Calculate Simple Interest
Once you have decided your principal and the interest, you can go ahead and calculate it. To do that, take your interest rate and divide it by 100. Whatever decimal point you get, multiply it with your principal to calculate interest. For instance if your interest is 5% and your principal is $1000, you will get 0.5 after dividing by 100 and multiply that with 1000, which will give you $50 as your interest.

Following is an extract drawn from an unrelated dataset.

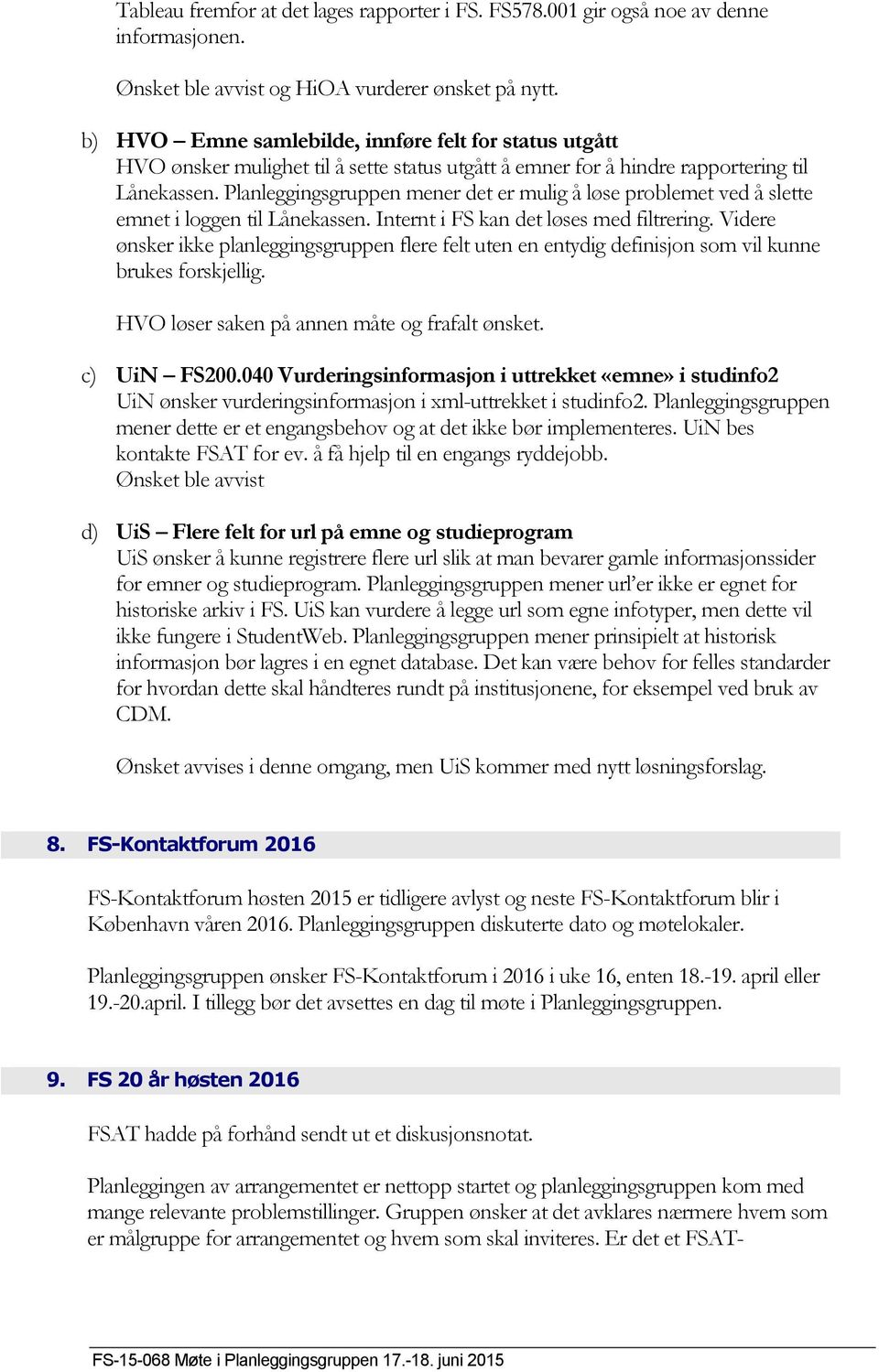 Planleggingsgruppen mener det er mulig å løse problemet ved å slette emnet i loggen til Lånekassen. Internt i FS kan det løses med filtrering.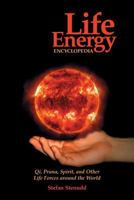 Life Energy Encyclopedia: Qi, Prana, Spirit, and Other Life Forces around the World 9178940192 Book Cover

Calculate Compound Interest
Calculating the compound interest isn’t as easy as calculating the simple interest. Let’s suppose that your 5% interest is compounded annually, and instead of a debt, it’s for an investment. So, the first year you will earn a 5% on $1000 making your total amount $1050. The year after that you will get a 5% interest on $1050, making your interest amount $52.5 and your final amount $1102.5.
Use a Formula
Instead of calculating manually each time, you can simply add a 1 to the decimal point figure of your interest and multiply that with your principal amount each time you have to compound your interest. So your interest would be 1.05 and you will multiply that with $1000 for the first year and $1102.5 the year after that, and so on.